Puccini began with a dark verismo drama Il Tabarro, in the style of French Grand Guignol, continued with a sentimental tale Suor Angelica, and ended with Gianni Schicchi, in the “commedia dell’arte” style. Fully aware of the uniqueness of such a conception, Puccini was very clear from the very start that he wanted his Trittico presented in one evening. Most opera companies need to ask themselves certain questions when deciding on presenting these works. Does it require three separate casts, or performers capable of performing various roled in the three operas? Rendering the uniqueness of each opera plus the unity of the whole as desired by the composer proved to be a delicate undertaking: this explains why the three parts are often staged separately. The scores combine elements of Puccini's modern style of harmonic dissonance with lyrical passages reminiscent of Rossini, and it has been praised for its inventiveness and imagination.

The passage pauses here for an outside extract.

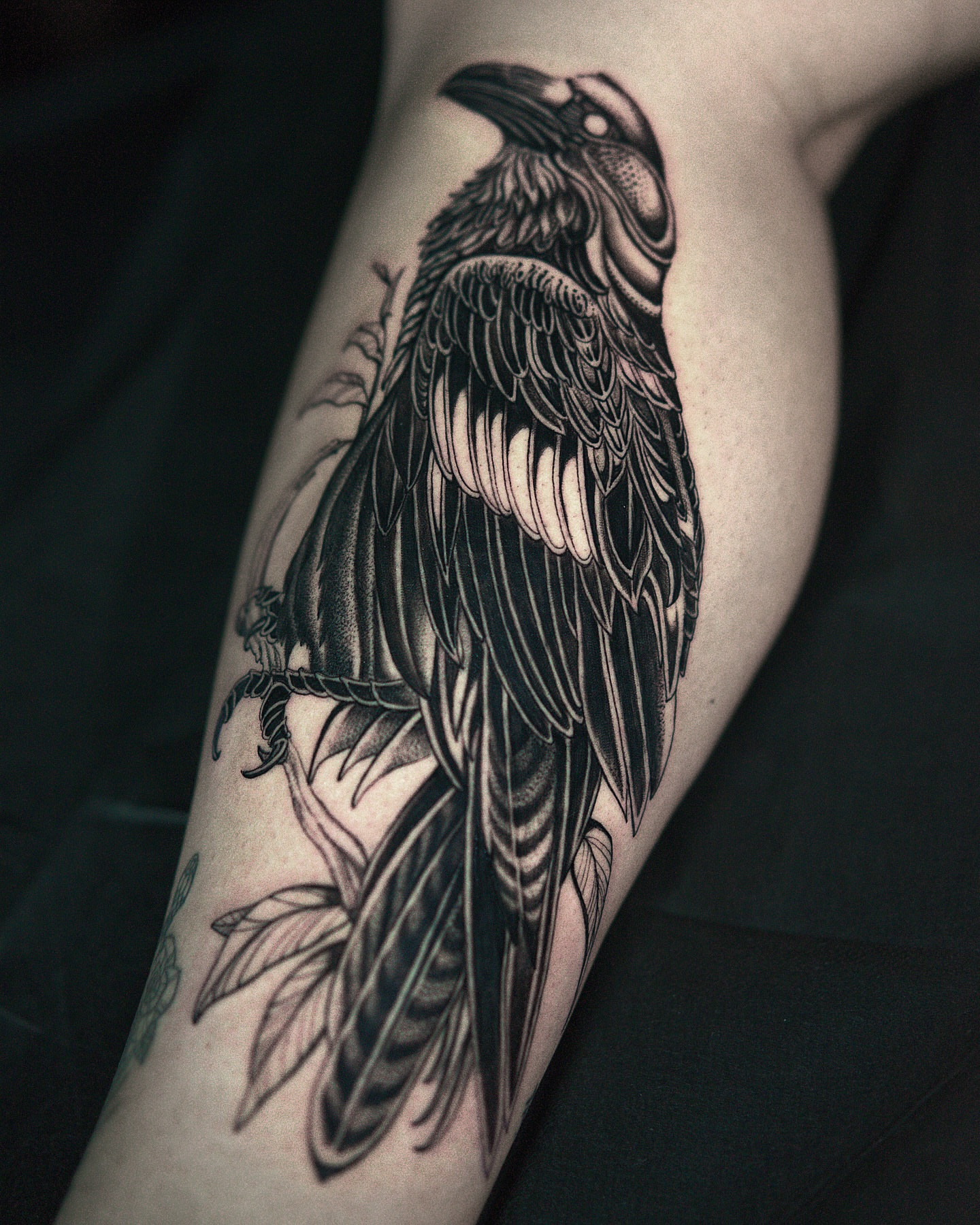 Crow black and grey tattoo on the forearm by H I R A  L U P E - tattoo artist, Oakland, California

The premiere was supposed to happen at the Teatro Costanzi in Rome but due to the First World War that could not be possible. It was therefore moved to the Metropolitan of New York where Il Trittico opened on December 14, 1918. The premiere featured the greatest stars of the time, Claudia Muzio starred as Giorgetta in Il Tabarro, Geraldine Farrar (the first American Madama Butterfly) created the role of Suor Angelica and Giuseppe De Luca created the roguish Gianni Schicchi.
The critical reviews for Il trittico were mixed; most critics agreed that Gianni Schicchi was the best of the three operas.
Il trittico premiered in Rome on 11 January 1919. Puccini, who had not been present for the New York premiere, attended the production at the Rome Opera House. The Rome production, especially Gianni Schicchi, received positive reviews. Later that year, the triptych was staged at the Teatro Colón in Buenos Aires (25 June) with the great Italian maestro Tullio Serafin conducting and in Chicago (6 December). In October 1920, when it premiered in Vienna two stellar singers appeared: Maria Jeritza sang Giorgetta and Lotte Lehman sang Suor Angelica. After the initial premieres, most opera companies began to stop performing the operas as a unit the way Puccini created them. Gianni Schicchi would eventually become the most frequently performed of the three.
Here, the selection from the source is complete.